Know Before You Go: Surf, Weather & Travel Info

About Humboldt County Surf Travel

If you don’t mind taking a backseat to nature, the land here is truly awe-inspiring. In the south, abrupt coastal ridges caked with Douglas fir and madrona rain forests relax into soothing, rolling hills of green and cattle, then into miles of lazy flatland marshes, sand dunes and beach grass. Humboldt Bay — California’s largest port north of San Francisco — coalesces into Arcata Bay before the landscape is once again riddled with dunes, cows and weather-beaten farmhouses. The coast snaps back to attention at Westhaven, where ground levels rise and boulders resume their presence in the lineup. Nine miles of lagoons follow, before the drippy, fern-choked walls of old-growth redwoods come into view at Prairie Creek Redwoods State Park. Sheer cliff is the rule until Crescent City (Wilson Creek exempted), where an intriguing balance of offshore rocks and islands mesh with some formidable summertime beachbreak up to the Oregon state line.

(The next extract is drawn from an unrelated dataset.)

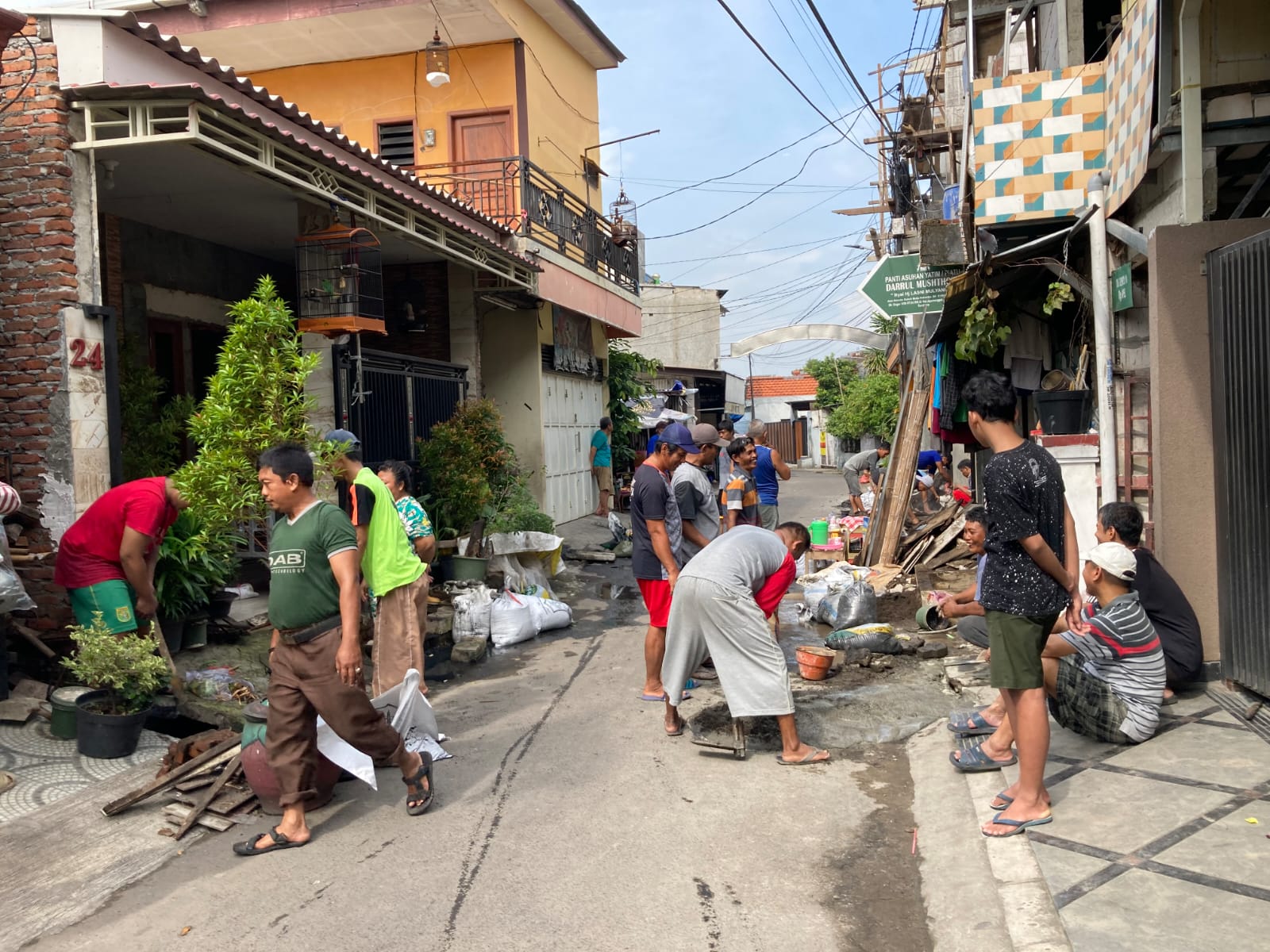 222 Perkampungan Surabaya Serempak Bersihkan Lingkungan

What about the surf along the Redwood Coast? Well, if you’re used to immediate gratification, we highly suggest you take a trip to Tavarua instead. Humboldt north is truly a land of feast or famine, with the big feedings few and far between. The reefs aren’t perfect, the sandbars are temperamental and it’s seemingly 20-feet and unrideable all winter long. But this isn’t to say that Humboldt is devoid of classic days. To the devoted residents and the serendipitous visitor, the Redwood Coast has proven to be more than capable of serving up a heaping portion of cold-water perfection.

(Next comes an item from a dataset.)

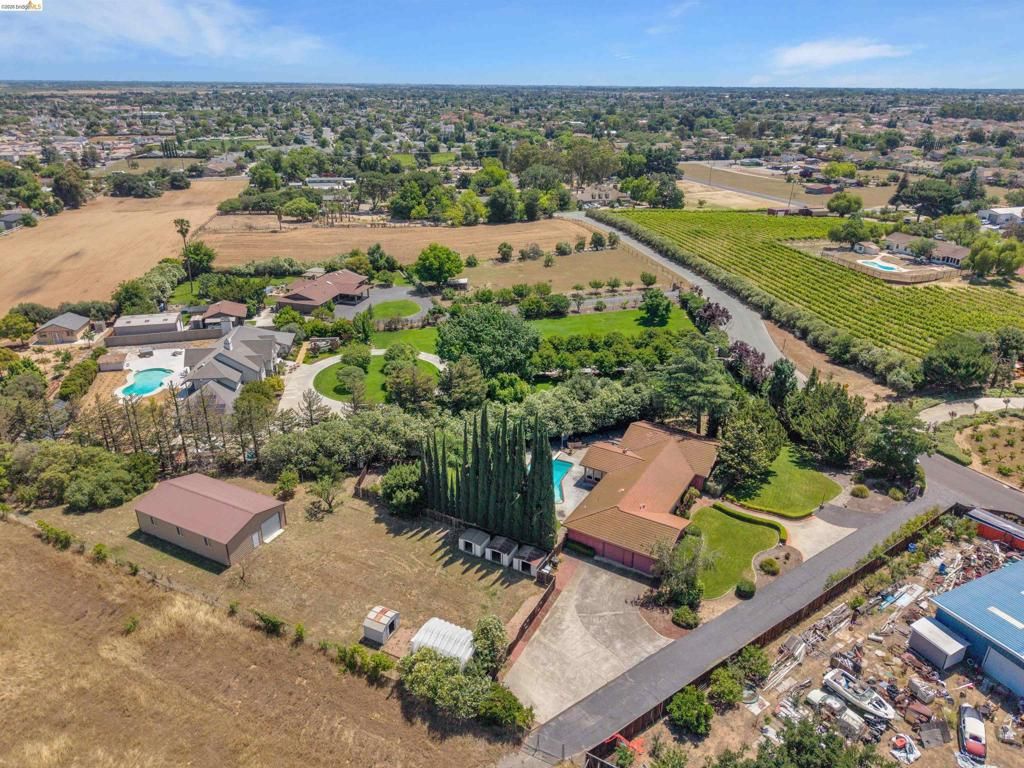 Image 49 of property listing at 2876 Stirrup Dr, Oakley, CA 94561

Humboldt County Surf Crowds:

Arcata’s Humboldt State University is instrumental in sucking many surfers to these waters, much like the UC Santa Cruz phenomenon. Typically, crowds only congeal on weekends, sunny days and epic, rainy days. Every spot is sharky, so that’s not really a factor in crowd control. If you go to the popular spots, you may be passing some guys down the path, but if you know where to look, you can surf by yourself any time, any day.

Humboldt County Surf Hazards:

SHARKS. The land o’ plenty. Santa Cruz can claim the Red Triangle, but this is the Blood Red Triangle. As with anywhere, the rivermouths are the most hospitable areas for sharks, but reefs and pointbreaks can be just as bad. Surf with someone else, if you can. There have been two attacks here since 1997 (both non-fatal) and several during the past 25 years. If you dwell on the fact that this place is indeed a shark pit, you won’t enjoy yourself. If it happens, it happens.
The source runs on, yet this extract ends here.